[Firehol-support] firehol and snat

Rick Marshall rjm at zenucom.com
Sat Oct 6 00:28:29 BST 2007


Hi Rich

I put considerable work into the snat option before realising that it 
was going to be too difficult. iptables seems t get confused when you 
are trying to do too much with the same subnet. I don't know why, but it 
just didn't work.

More importantly, we host a number of sites on different back end 
servers and then have to provide site statistics to all of them.

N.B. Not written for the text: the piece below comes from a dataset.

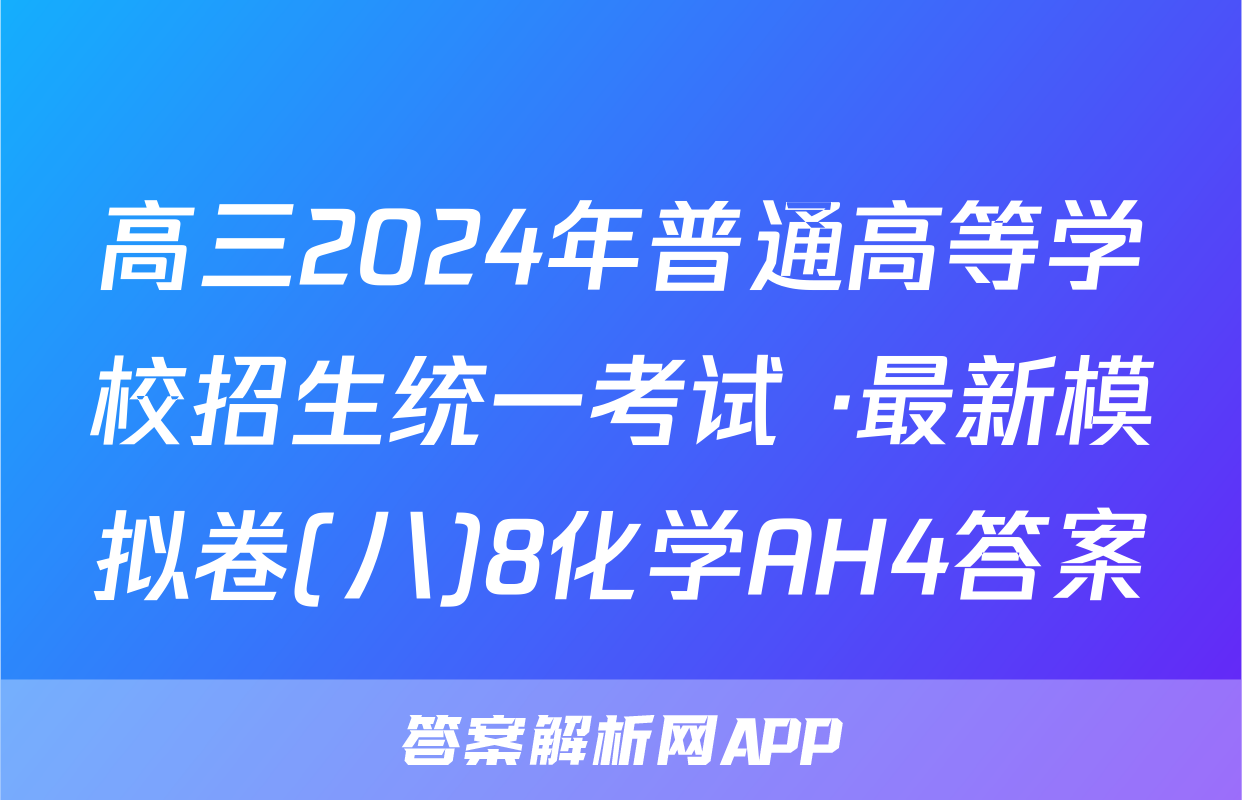 高三2024年普通高等学校招生统一考试 ·最新模拟卷(八)8化学AH4答案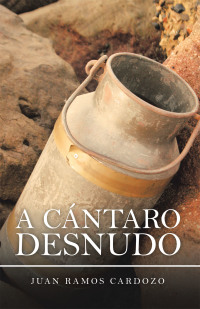 Cover image: A Cántaro Desnudo 9781506535579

This is where the reverse proxy really came into its own. (Using apache 
of course ;)  - IIS can't do it :( ) The proxy knows the URL that has 
been requested and so the a combination of named virtual hosts and 
reverse proxy can redirect almost anything reliably to the internal 
servers. Including internal traffic. However this does mean that all 
internal traffic also goes through the firewall - on sites with high 
internal volumes you really don't want this - hence servers with dual 
interfaces. The internal servers think the traffic comes from the 
firewall so you need to set up site statistics against logs on the 
firewall, not the actual servers.

Google etc for apache reverse proxy - plenty of online help and discussion.

Here is a snippet from one of our apache setups:

<VirtualHost *:80>
        ServerName www.rmkshoes.com.au
        ServerAlias rmkshoes.com.au www.rmkshoes.com rmkshoes.com
        ServerAdmin root at cadetshoes.com.au
        ErrorLog logs/rmkshoes.com.au-error_log
        CustomLog logs/rmkshoes.com.au-access_log combined
        ProxyPreserveHost       On
        <Location / >
                ProxyPass               http://192.168.1.153/
                ProxyPassReverse        http://192.168.1.153/
                </Location>
        </VirtualHost>

Also please note that this does not solve the problem for mail servers 
on the same internal subnet.

Option b) as I said is to overload the ip address on an interface card.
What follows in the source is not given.